The Cambodian village of Prama appears to be a fairly destitute, 1,000-family hamlet in a province bordering Vietnam.
Were it to establish an independent state, it would likely become the tiniest, least defendable nations on the planet.
There is scant evidence that anyone in the village had such absurd intentions. They created no snazzy new flags, no rebel militias, no independent political wing.
That hasn't stopped Cambodia's premier, Hun Sen, from insisting that villagers harbored a plot to establish an "autonomous zone," the Phnom Penh Post reports. One of the harshest sentences has fallen upon a prominent activist and radio DJ, 71-year-old Mam Sonando, who this week received 20 years in prison for devising this nefarious plot.
It just so happen that, in May, a wave of troops and police descended on the same village firing assault rifles. Their goal, VOA reports, was clearing land for a tycoon's rubber plantation. One 14-year-old girl was killed.

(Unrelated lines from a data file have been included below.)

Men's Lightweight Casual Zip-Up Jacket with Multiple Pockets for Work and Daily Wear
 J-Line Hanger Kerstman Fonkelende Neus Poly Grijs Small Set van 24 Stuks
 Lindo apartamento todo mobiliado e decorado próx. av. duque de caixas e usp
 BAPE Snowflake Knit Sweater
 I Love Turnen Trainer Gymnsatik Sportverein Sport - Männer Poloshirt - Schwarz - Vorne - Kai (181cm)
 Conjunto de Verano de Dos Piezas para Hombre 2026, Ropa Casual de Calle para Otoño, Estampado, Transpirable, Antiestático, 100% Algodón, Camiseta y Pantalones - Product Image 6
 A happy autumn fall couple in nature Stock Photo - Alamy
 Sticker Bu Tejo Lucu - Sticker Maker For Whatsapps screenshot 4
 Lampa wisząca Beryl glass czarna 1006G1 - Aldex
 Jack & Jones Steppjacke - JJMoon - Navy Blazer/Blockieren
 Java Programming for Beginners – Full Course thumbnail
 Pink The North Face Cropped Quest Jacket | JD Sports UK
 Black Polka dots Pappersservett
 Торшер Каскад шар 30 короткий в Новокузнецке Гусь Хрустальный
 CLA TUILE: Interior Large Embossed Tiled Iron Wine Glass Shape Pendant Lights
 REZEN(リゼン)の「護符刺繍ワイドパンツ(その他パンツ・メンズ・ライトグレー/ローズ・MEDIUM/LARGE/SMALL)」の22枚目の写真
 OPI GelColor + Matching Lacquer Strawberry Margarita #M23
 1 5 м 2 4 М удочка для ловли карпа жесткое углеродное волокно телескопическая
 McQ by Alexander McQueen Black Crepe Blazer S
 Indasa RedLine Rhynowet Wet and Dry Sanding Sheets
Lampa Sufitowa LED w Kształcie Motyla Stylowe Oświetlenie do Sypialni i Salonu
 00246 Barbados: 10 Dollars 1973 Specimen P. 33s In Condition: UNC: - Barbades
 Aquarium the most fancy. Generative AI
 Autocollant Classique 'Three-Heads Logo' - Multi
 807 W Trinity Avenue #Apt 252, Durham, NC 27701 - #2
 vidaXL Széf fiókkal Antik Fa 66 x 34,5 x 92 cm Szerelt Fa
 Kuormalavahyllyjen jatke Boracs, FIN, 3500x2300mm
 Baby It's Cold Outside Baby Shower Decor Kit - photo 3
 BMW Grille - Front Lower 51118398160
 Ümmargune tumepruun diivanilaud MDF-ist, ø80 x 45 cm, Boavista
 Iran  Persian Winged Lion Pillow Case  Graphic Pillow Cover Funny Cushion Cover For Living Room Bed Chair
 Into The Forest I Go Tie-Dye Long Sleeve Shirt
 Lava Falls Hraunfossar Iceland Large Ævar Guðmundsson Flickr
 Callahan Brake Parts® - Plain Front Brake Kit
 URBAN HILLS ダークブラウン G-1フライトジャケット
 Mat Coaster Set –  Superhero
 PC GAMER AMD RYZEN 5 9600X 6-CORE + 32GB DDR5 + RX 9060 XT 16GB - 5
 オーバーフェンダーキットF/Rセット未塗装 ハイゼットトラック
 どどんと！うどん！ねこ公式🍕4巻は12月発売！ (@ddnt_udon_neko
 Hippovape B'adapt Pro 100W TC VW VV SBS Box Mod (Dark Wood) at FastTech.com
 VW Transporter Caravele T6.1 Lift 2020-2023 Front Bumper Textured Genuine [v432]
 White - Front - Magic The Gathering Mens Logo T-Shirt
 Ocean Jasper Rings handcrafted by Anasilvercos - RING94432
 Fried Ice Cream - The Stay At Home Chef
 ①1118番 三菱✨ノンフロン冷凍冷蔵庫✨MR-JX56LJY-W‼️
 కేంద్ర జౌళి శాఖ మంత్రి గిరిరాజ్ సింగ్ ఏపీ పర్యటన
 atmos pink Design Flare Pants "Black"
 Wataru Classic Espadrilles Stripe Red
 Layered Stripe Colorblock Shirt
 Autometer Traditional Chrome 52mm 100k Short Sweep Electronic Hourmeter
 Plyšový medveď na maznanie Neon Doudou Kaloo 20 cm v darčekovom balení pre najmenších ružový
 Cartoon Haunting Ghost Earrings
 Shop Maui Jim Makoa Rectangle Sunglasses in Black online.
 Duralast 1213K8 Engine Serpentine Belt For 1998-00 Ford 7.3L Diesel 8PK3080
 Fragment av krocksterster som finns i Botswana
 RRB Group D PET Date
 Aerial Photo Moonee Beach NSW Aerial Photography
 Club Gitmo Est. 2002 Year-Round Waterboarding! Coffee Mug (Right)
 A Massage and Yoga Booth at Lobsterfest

Resisting a forced incursion by the state -- rather than endeavoring to establish a new state -- was the true cause of Sonando and his peers, according to Human Rights Watch. The group's Asia director, Brad Adams, contends that “no credible evidence of a secessionist movement or of Sonando’s involvement was produced at the Phnom Penh court, yet it handed down these incredibly harsh sentences anyway."